First we have to call Nomvano. Sounds easy, right? Nomvano speaks pretty good English, but hot-damn is she hard to understand on the phone! Once we’ve been cut-off a few times and have all become extremely frustrated, we decide on a meeting spot for the ‘transaction’. Sometimes we meet outside the bank, sometimes in the parking lot of our building, or the taxi rank, or down a back road we didn’t even know existed.

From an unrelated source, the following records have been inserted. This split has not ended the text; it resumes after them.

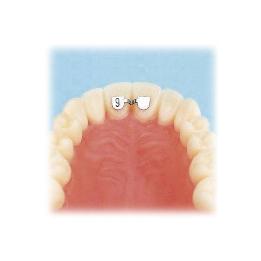 Retenedor lungual central-central superior kit introducción F3812-93 Leone - Kit surtido de 20 piezas.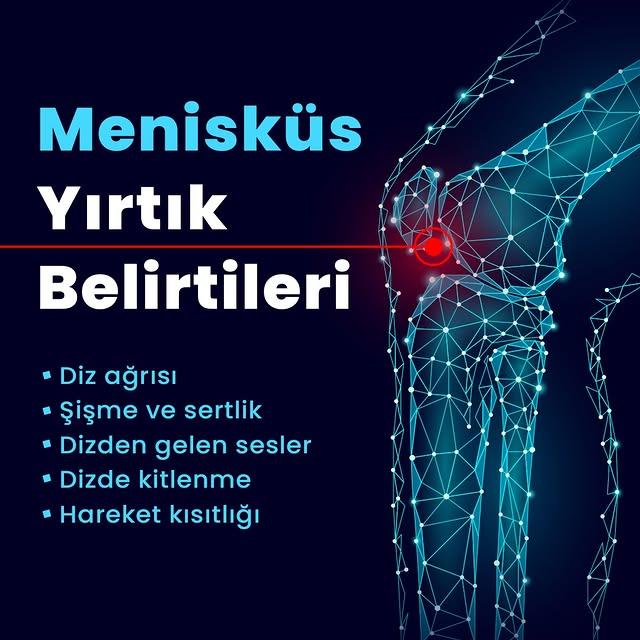 Denizli Denipollife Hastanesi: Menisküs Yırtıklarına Karşı Bilgilendirme ve Destek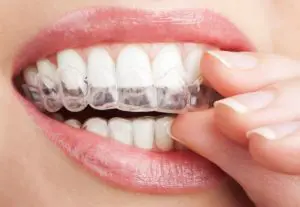 How Expensive Is Invisalign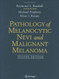 Pathology Of Melanocytic Nevi And Malignant Melanoma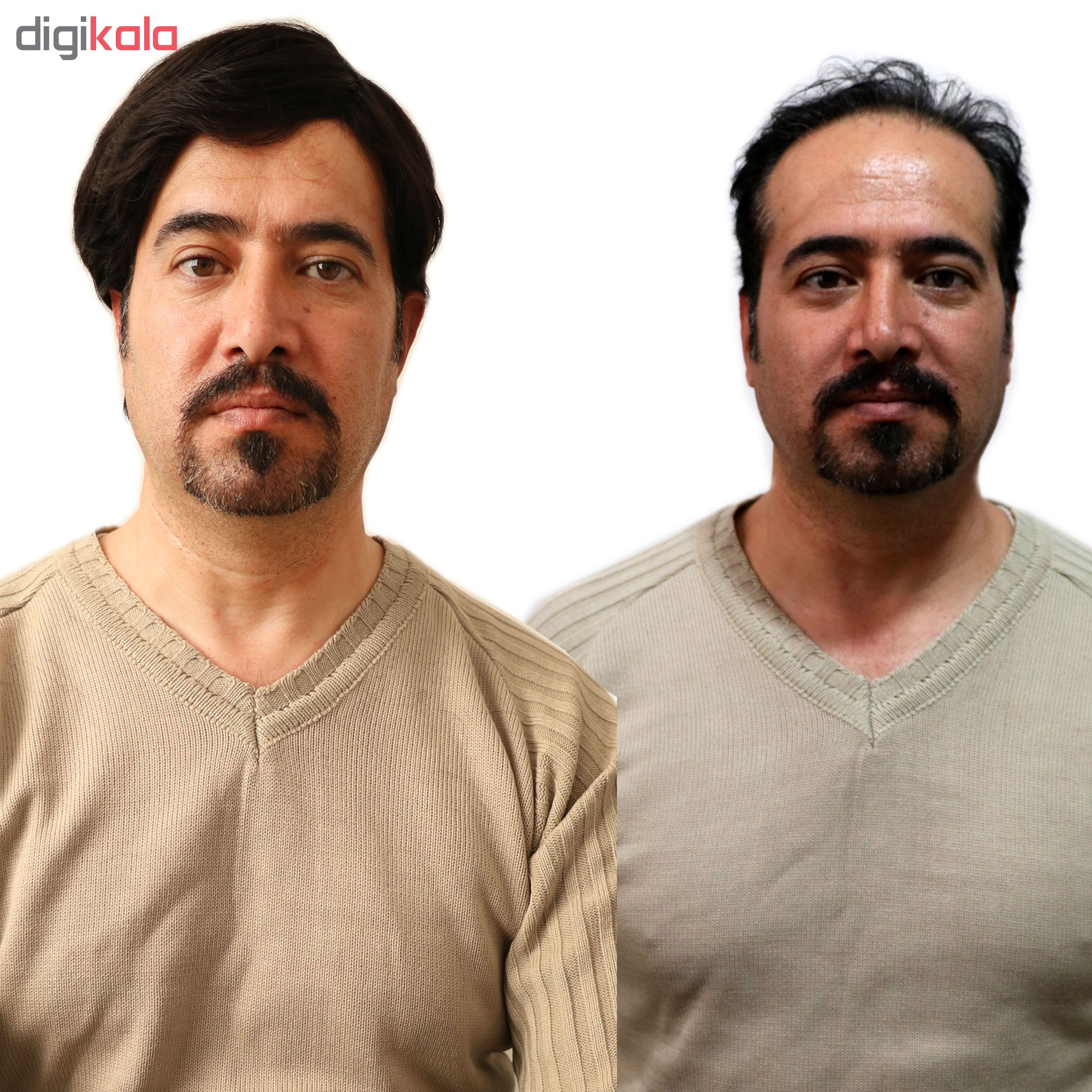 کلاه گیس مردانه کد 5712-4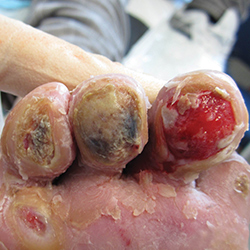 Diabetic foot ulcer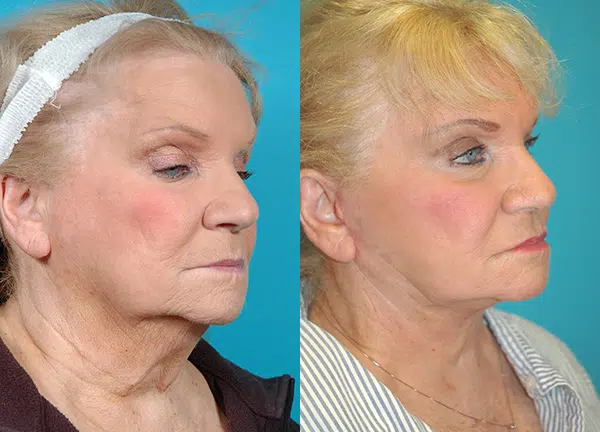 facelift before and after photo by chicago aesthetics surgery & med spa in chicago, il
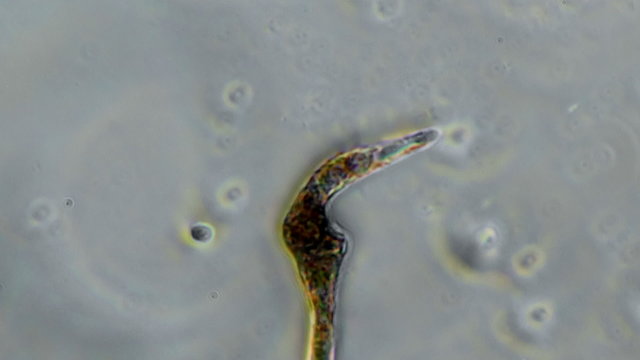 Nematode Worm Stretches Body While Swimming Under Microscope 400x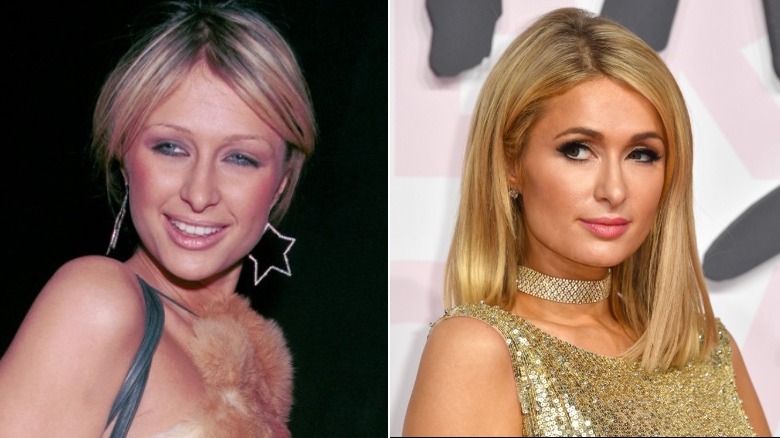 Paris Hilton before and after eyebrows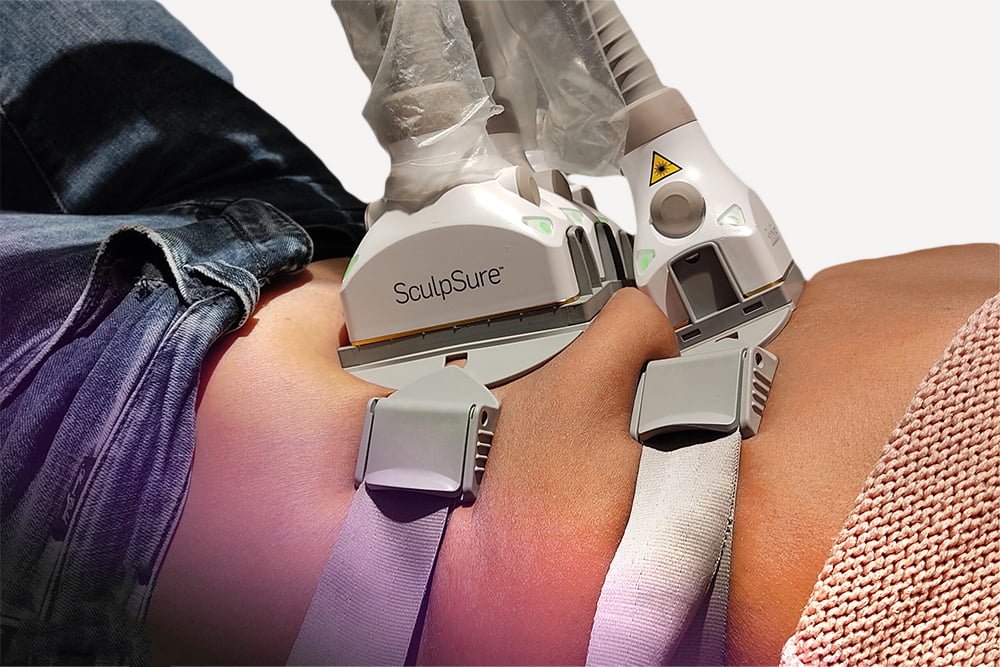 SculpSure Machine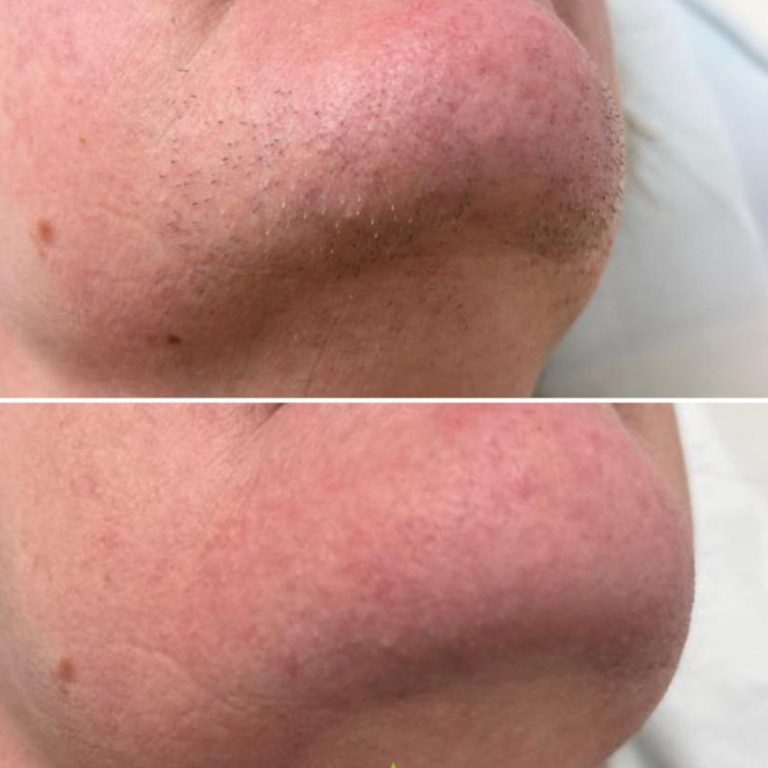 Laser Hair Removal before and after results at Aesthetics of Essex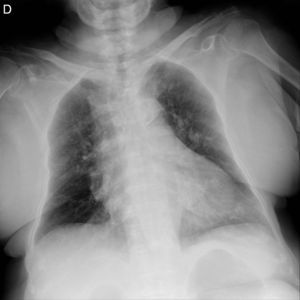 Chest X-ray, showing a large, ovoid, dense structure overlying the cardiac silhouette.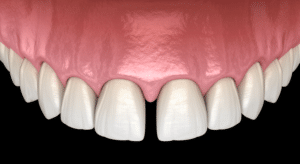 Diastema Causes and Treatments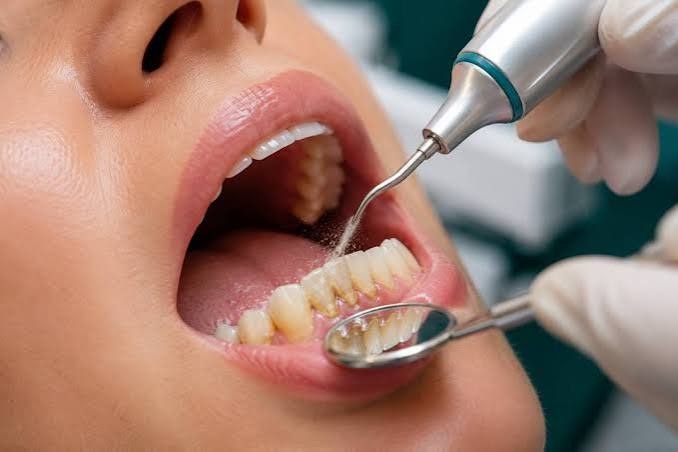 Ultrasonic scaler cleaning plaque and tartar from a patient's teeth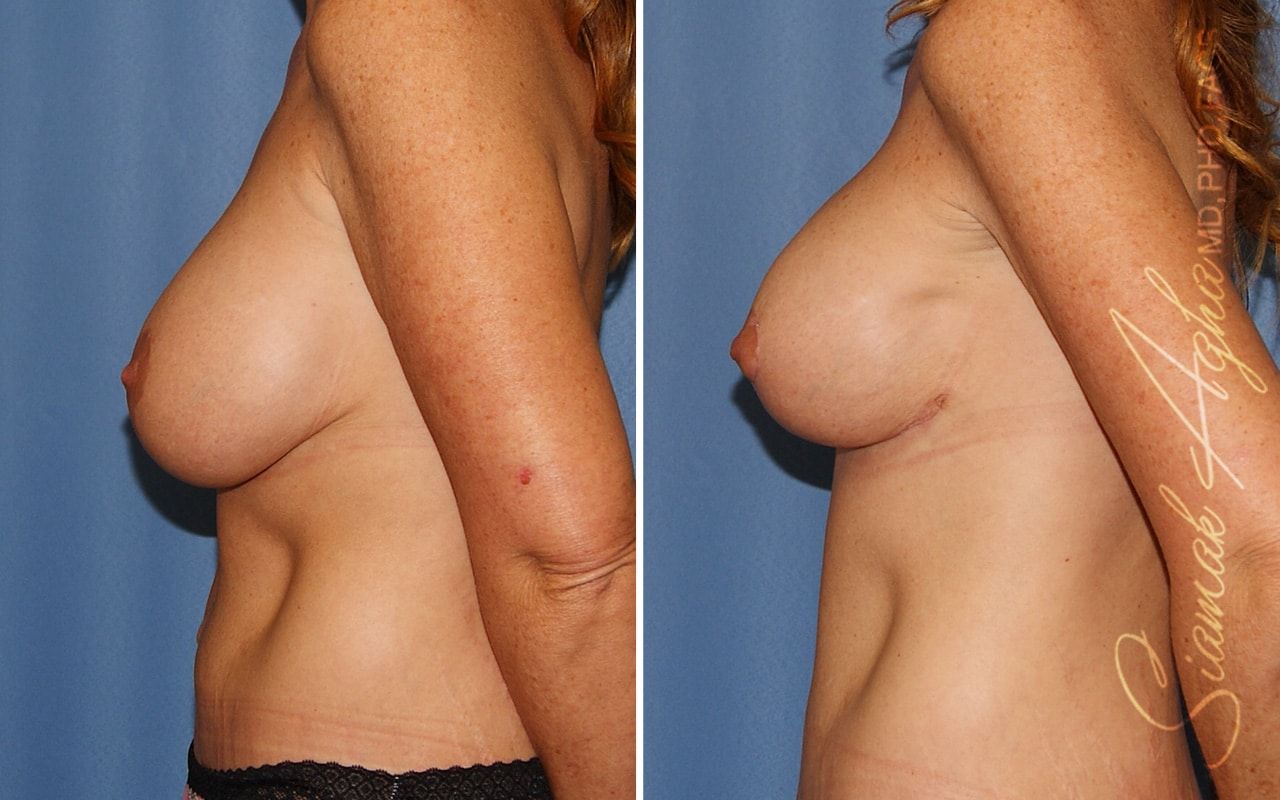 Breast Lift With Augmentation Before & After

Nomvano carries the electricity either in her bra or up her shirt sleeves, and if you’re lucky, she’ll ask you to fish it out for her when her hands are full! Electricity costs R50 for 80 kilowatt hours. Pretty fair deal, and we go through about 5 units per month. Therefore, we always try to buy extra — maybe 6, maybe 8, depending on how many she’s got. That is always a huge surprise to her. Most people buy them one at a time. Even phone cards are sold in R5 increments. Can you imagine filling up your cell phone with .50 cents-worth? That’s how they roll in the Frere.
Then we take our little paper electricity cards back to the flat and punch them into the electricity box on the wall. It’s actually great for energy conservation because I’m more likely to turn off lights and appliances when I see the numbers on the electricity box going down, down, down.